*YOUR TASK:* Once you find the line with "Daddy Yankee y" in the listing below, set down exactly every line from it through the line with "480 Cavan Street, Palmerston, Ontario", but no pictures.

*DATA PROVIDED:*
=== Begin Enclosure ===
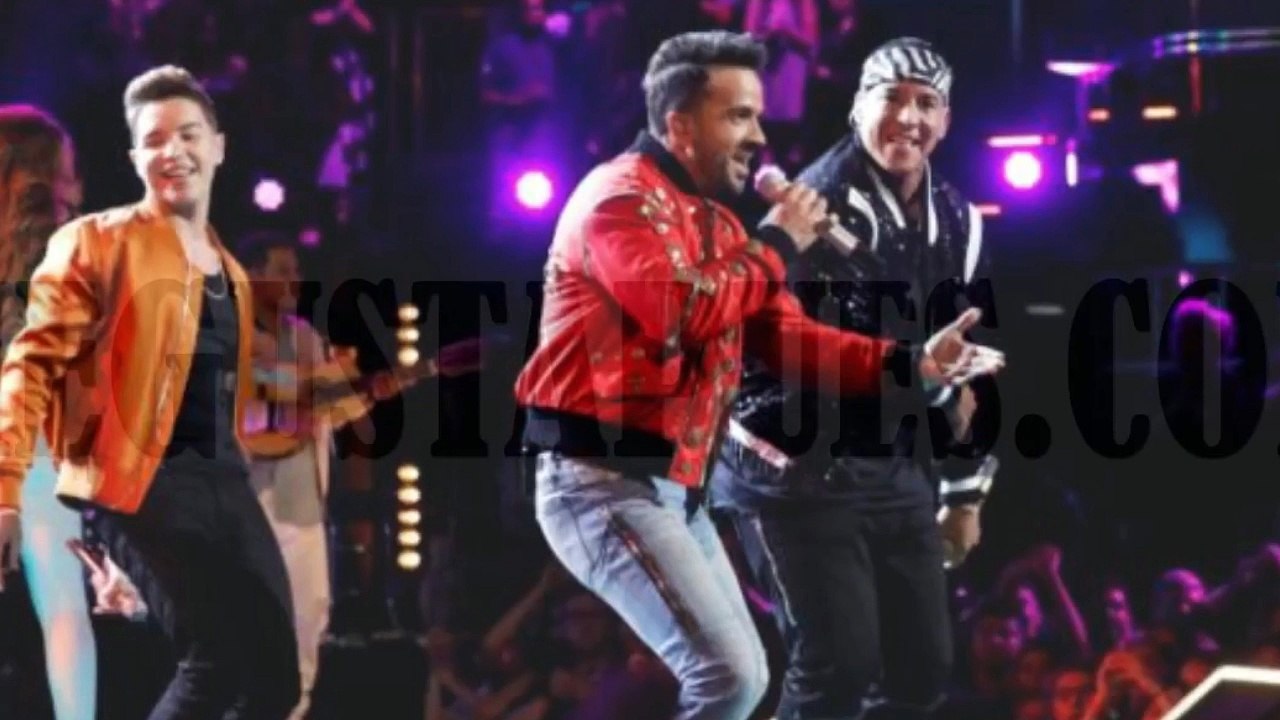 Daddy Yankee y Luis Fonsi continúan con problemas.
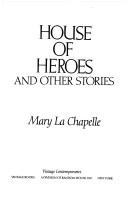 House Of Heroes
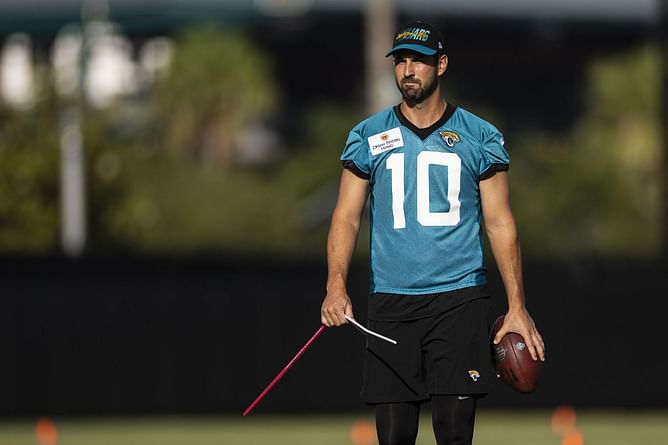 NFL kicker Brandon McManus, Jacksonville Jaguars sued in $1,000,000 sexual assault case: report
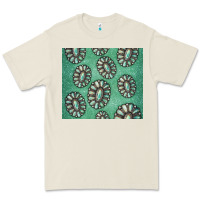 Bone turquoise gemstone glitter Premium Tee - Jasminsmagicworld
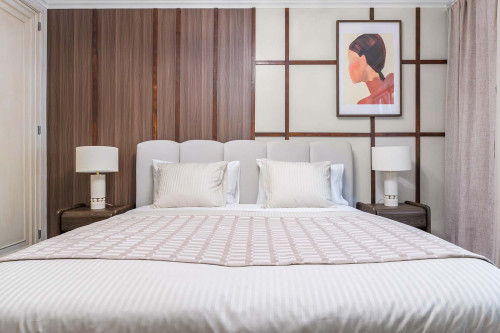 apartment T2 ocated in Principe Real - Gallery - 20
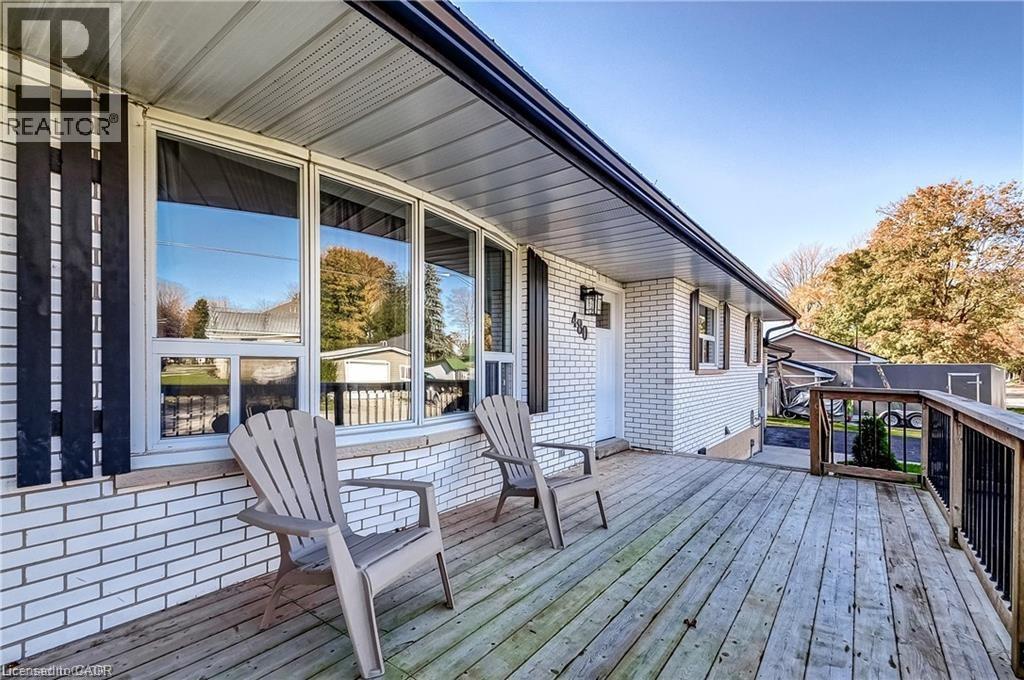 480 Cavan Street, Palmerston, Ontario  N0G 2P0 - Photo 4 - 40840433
=== End Enclosure ===
=== Begin Enclosure ===
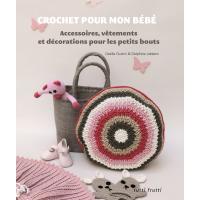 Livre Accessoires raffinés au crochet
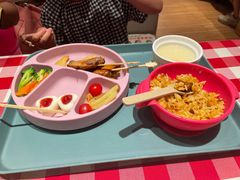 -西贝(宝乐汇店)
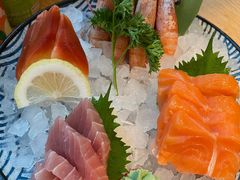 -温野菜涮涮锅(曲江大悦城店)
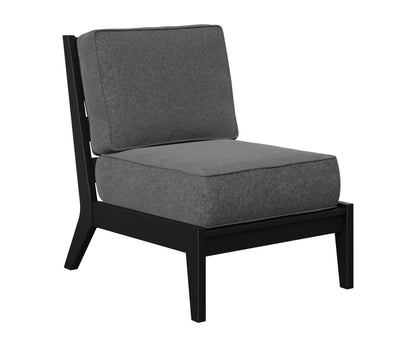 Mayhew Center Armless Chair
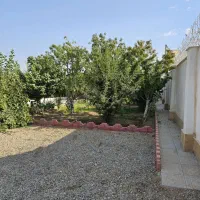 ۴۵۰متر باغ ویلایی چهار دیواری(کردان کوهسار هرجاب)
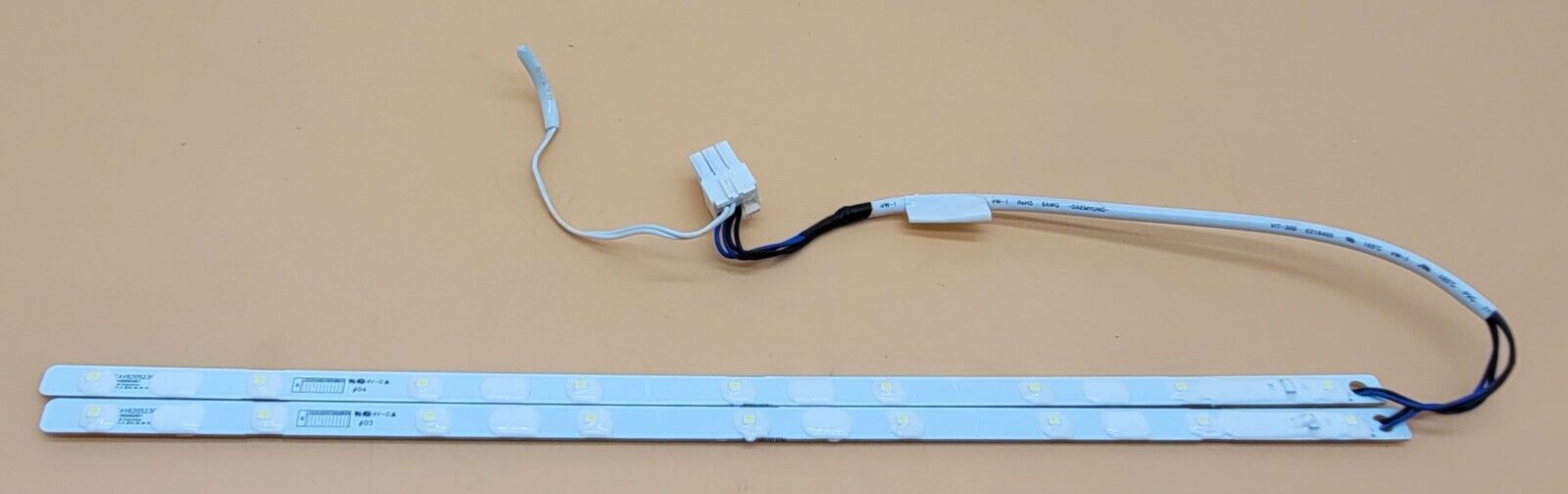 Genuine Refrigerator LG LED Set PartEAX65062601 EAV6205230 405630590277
=== End Enclosure ===
*RESULT OF THE TASK:*
 Daddy Yankee y Luis Fonsi continúan con problemas.
 House Of Heroes
 NFL kicker Brandon McManus, Jacksonville Jaguars sued in $1,000,000 sexual assault case: report
 Bone turquoise gemstone glitter Premium Tee - Jasminsmagicworld
 apartment T2 ocated in Principe Real - Gallery - 20
 480 Cavan Street, Palmerston, Ontario  N0G 2P0 - Photo 4 - 40840433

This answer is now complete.